▶ [The input]

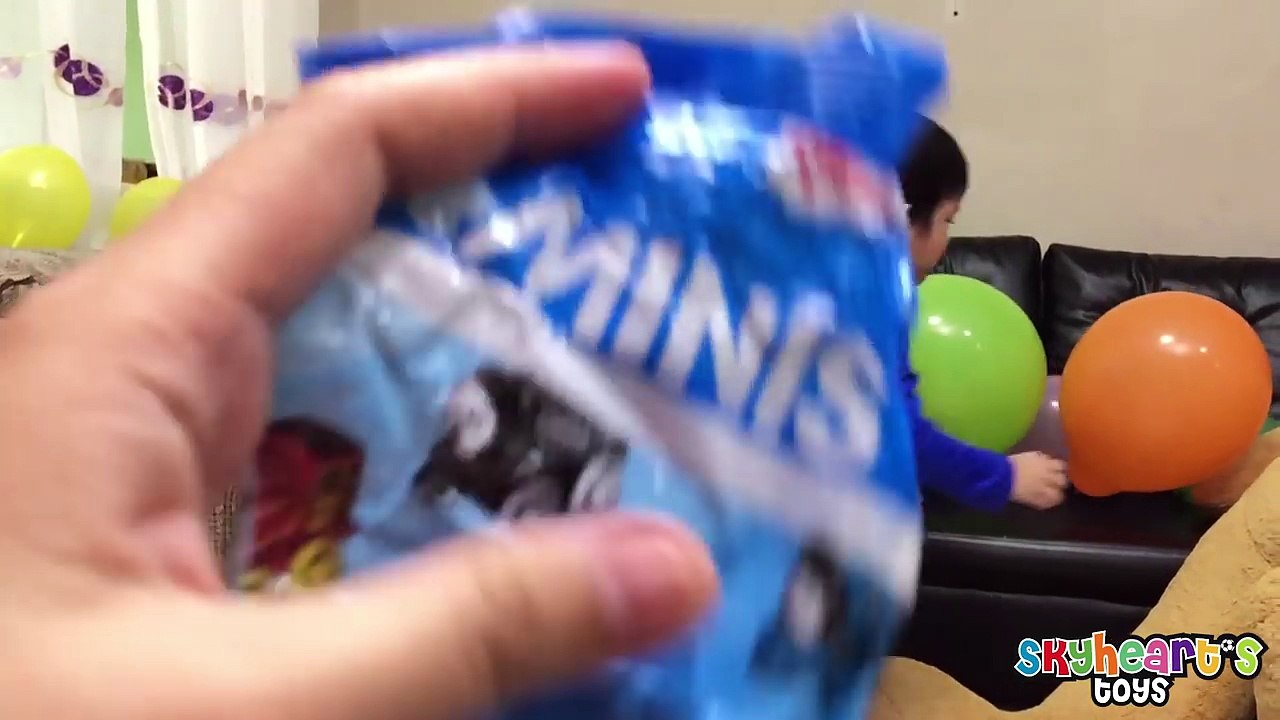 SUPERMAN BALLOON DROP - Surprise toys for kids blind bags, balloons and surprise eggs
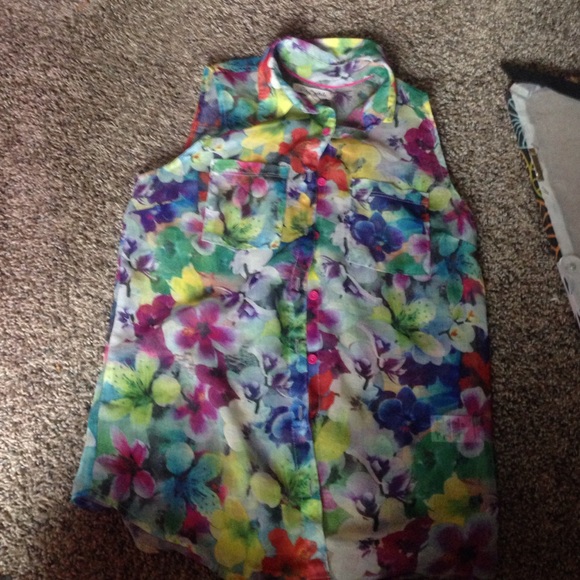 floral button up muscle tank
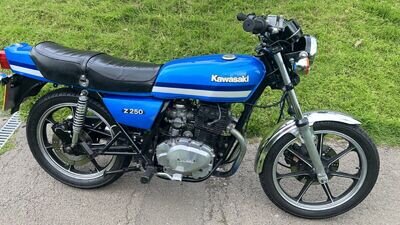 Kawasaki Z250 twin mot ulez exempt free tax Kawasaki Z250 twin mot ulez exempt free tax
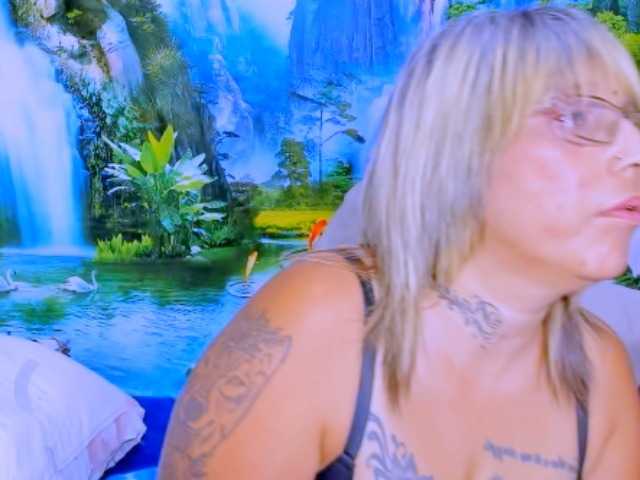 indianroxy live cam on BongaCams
---
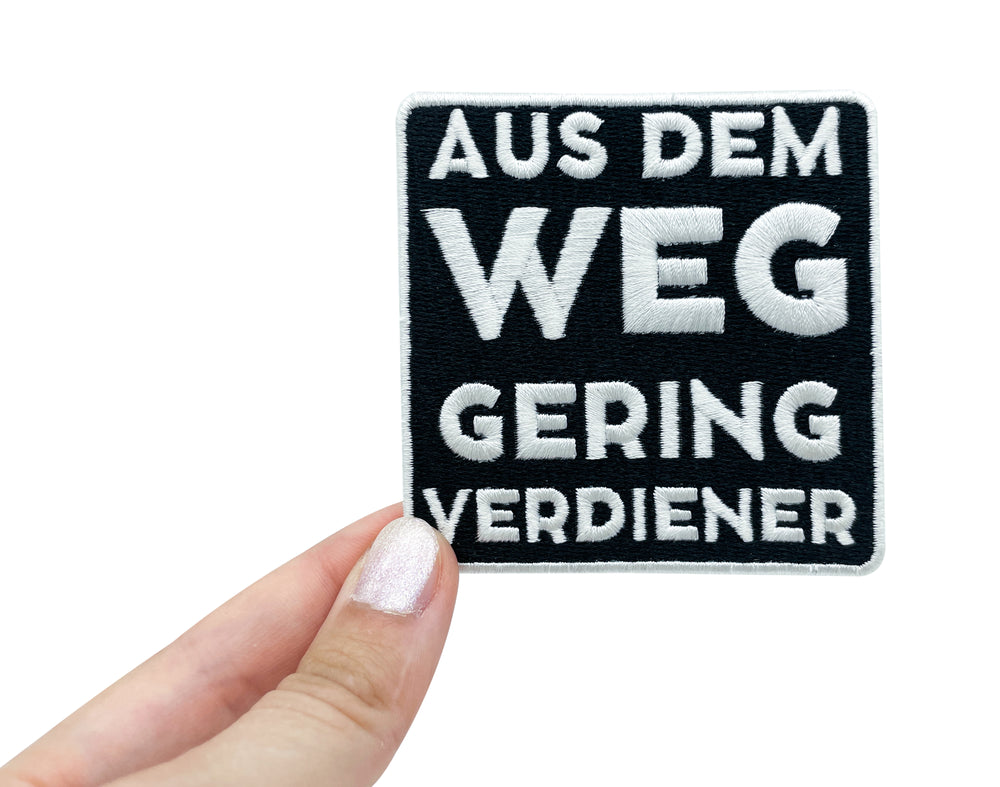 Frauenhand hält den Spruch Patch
==
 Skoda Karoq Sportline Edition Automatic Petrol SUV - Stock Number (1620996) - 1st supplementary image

▶ [Problem to solve] From the records above, return exactly the lines running from the one that contains "SUPERMAN BALLOON DROP" down to the one that contains "indianroxy live cam on BongaCams", both included, without any pictures.

▶ [Answer to the problem]
 SUPERMAN BALLOON DROP - Surprise toys for kids blind bags, balloons and surprise eggs
 floral button up muscle tank
 Kawasaki Z250 twin mot ulez exempt free tax Kawasaki Z250 twin mot ulez exempt free tax
 indianroxy live cam on BongaCams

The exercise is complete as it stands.